Trump ultimately said he would write a check for the Model S, which starts at $79,990, but noted that as president he’s not permitted to drive and hasn’t in many years. Instead, he suggested that he would keep the new Tesla on the property for staff to use. “I’m not allowed to use it, can you believe it?” he remarked. In between answering questions about the Russia-Ukraine war and the administration’s attempts to deport Mahmoud Khalil, a Palestinian activist and legal U.S. resident, Trump poured on the praise for Musk, saying: “We have to celebrate somebody that has the courage to do this. He could’ve said, ‘I’m not doing anything, I’m not going to get involved, let the country go to hell.’ He didn’t want to do that.” This comment seemed to refer both to Musk using about a quarter of a billion dollars to help reelect the president and his role as de facto head of the so-called Department of Government Efficiency (DOGE), whose slapdash cuts to administrative institutions have left thousands jobless and unleashed popular contempt for him and his companies.

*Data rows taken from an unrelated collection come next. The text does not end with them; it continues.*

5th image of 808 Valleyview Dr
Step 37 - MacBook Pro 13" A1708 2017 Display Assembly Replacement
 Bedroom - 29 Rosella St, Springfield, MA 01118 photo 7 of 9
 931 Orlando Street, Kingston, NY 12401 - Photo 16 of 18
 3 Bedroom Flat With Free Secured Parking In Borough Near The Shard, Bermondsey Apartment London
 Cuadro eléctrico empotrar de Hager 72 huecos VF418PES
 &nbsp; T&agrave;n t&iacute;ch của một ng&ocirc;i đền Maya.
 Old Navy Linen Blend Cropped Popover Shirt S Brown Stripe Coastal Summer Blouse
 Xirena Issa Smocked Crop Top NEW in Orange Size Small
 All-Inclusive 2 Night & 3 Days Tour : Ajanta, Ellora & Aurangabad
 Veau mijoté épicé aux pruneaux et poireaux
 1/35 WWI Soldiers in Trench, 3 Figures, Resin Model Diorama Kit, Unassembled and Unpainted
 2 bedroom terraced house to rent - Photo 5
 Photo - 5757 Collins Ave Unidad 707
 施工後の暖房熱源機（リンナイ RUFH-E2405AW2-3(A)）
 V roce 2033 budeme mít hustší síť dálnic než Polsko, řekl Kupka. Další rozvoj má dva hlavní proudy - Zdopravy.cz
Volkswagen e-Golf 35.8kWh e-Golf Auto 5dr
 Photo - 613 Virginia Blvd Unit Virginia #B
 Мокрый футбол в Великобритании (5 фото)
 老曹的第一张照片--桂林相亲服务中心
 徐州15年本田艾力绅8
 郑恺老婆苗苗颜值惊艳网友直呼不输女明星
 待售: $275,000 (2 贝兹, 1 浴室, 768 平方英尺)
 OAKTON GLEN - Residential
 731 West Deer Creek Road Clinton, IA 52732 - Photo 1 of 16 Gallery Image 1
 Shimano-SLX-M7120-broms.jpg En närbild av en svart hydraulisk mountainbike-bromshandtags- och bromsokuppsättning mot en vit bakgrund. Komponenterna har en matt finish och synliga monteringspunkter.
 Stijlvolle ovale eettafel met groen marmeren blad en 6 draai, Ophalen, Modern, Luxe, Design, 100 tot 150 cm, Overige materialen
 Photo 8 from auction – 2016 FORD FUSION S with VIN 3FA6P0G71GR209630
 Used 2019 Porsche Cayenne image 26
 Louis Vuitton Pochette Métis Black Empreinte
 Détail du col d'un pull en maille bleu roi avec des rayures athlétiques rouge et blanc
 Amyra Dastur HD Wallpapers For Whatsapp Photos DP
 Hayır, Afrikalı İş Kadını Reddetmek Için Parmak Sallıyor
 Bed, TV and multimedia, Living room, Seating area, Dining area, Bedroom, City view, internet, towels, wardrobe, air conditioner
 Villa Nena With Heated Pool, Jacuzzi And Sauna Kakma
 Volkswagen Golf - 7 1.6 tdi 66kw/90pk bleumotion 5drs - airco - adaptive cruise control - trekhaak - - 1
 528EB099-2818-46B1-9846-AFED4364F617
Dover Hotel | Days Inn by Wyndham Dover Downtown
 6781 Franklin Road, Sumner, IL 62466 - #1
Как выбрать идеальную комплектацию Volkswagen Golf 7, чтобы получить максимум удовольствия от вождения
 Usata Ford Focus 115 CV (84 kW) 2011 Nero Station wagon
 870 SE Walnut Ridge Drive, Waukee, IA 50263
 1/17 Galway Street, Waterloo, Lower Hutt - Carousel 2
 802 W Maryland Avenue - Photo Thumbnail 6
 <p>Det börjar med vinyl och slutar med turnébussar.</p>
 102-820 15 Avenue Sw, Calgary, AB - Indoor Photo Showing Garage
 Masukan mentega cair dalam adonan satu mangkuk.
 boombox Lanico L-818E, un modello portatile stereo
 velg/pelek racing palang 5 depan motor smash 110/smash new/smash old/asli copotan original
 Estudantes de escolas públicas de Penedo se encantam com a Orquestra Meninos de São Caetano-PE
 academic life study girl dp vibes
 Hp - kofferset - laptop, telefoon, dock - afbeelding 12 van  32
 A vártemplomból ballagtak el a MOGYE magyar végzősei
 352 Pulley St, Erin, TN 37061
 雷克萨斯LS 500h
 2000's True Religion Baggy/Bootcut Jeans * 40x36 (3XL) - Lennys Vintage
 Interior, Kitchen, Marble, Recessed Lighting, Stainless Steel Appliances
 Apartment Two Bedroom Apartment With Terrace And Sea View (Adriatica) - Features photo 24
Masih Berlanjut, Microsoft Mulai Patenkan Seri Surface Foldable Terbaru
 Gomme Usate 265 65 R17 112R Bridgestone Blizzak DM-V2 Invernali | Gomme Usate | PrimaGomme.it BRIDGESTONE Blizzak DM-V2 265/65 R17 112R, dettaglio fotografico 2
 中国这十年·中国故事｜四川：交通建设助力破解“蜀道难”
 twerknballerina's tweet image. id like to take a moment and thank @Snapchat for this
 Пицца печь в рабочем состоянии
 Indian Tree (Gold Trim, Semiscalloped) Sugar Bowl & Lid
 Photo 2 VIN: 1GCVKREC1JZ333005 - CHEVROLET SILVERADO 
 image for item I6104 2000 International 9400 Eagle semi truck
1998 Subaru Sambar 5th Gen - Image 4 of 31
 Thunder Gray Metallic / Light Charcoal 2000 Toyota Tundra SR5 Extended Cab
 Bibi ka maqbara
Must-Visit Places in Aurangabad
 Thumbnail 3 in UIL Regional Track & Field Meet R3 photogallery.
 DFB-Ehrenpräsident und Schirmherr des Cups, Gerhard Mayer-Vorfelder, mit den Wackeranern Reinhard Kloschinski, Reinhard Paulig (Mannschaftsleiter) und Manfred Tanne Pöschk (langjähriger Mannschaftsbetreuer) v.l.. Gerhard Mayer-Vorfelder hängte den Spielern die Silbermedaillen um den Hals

That disdain has been escalating, in no small part because of Musk’s extremist far-right ideology. While Tesla Takedown is a peaceful movement, Tesla cars, chargers, and properties around the world have become targets for petty vandalism, as well as alleged arsons and gunfire. Asked whether he would label individuals who carry out such attacks “domestic terrorists,” Trump replied: “I will do that. I’ll do it. I going to stop them. We catch anybody doing it — because they’re harming a great American company.” It’s not clear whether the administration has taken steps to enforce this classification of such crimes, nor how it could.
Musk used the event to made an announcement that, like the stunt of turning the White House driveway into a Tesla lot, seemed designed to juice Tesla stock. “As a function of the great policies of President Trump and his administration, and as an act of faith in America, Tesla is going to double vehicle output in the United States within the next two years,” he vowed. Musk has a long history of failing to deliver on splashy promises and milestone deadlines even as he benefits from media coverage of them.
Tesla shares saw a modest bump on Tuesday, ticking up slightly less than four percent by the close of trading to recover a fraction of Monday’s losses. The effects of the stock rally that followed Trump’s election victory have been completely wiped out since he and Musk came to power.
Nevertheless, Trump and Musk appear to remain committed to an alliance as head of state and tech oligarch. On the subject of a potential “end date” for Musk’s involvement in government, Trump kept it vague: “I think I’ll know when it’s time,” he said. “I’ll stay as long as it’s useful and productive,” Musk added. And, presumably, as long as he has the use of the White House for marketing stunts.